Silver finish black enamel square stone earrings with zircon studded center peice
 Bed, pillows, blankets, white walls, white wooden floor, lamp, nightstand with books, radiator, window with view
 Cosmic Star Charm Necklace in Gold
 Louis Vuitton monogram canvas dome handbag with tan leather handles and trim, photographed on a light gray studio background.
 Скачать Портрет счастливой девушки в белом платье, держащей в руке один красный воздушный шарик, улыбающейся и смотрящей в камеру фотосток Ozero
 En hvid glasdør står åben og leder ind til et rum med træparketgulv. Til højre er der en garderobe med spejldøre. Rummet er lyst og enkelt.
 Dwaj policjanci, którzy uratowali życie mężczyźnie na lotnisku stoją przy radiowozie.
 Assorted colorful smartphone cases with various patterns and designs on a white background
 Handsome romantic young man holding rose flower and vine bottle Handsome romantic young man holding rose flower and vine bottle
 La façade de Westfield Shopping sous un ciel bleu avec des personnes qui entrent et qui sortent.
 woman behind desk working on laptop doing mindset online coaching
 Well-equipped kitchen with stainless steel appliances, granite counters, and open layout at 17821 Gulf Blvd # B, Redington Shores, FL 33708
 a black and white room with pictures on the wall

#####

# Your assignment
Copy all of the data exactly. Skip nothing.

# Reply
Silver finish black enamel square stone earrings with zircon studded center peice
 Bed, pillows, blankets, white walls, white wooden floor, lamp, nightstand with books, radiator, window with view
 Cosmic Star Charm Necklace in Gold
 Louis Vuitton monogram canvas dome handbag with tan leather handles and trim, photographed on a light gray studio background.
 Скачать Портрет счастливой девушки в белом платье, держащей в руке один красный воздушный шарик, улыбающейся и смотрящей в камеру фотосток Ozero
 En hvid glasdør står åben og leder ind til et rum med træparketgulv. Til højre er der en garderobe med spejldøre. Rummet er lyst og enkelt.
 Dwaj policjanci, którzy uratowali życie mężczyźnie na lotnisku stoją przy radiowozie.
 Assorted colorful smartphone cases with various patterns and designs on a white background
 Handsome romantic young man holding rose flower and vine bottle Handsome romantic young man holding rose flower and vine bottle
 La façade de Westfield Shopping sous un ciel bleu avec des personnes qui entrent et qui sortent.
 woman behind desk working on laptop doing mindset online coaching
 Well-equipped kitchen with stainless steel appliances, granite counters, and open layout at 17821 Gulf Blvd # B, Redington Shores, FL 33708
 a black and white room with pictures on the wall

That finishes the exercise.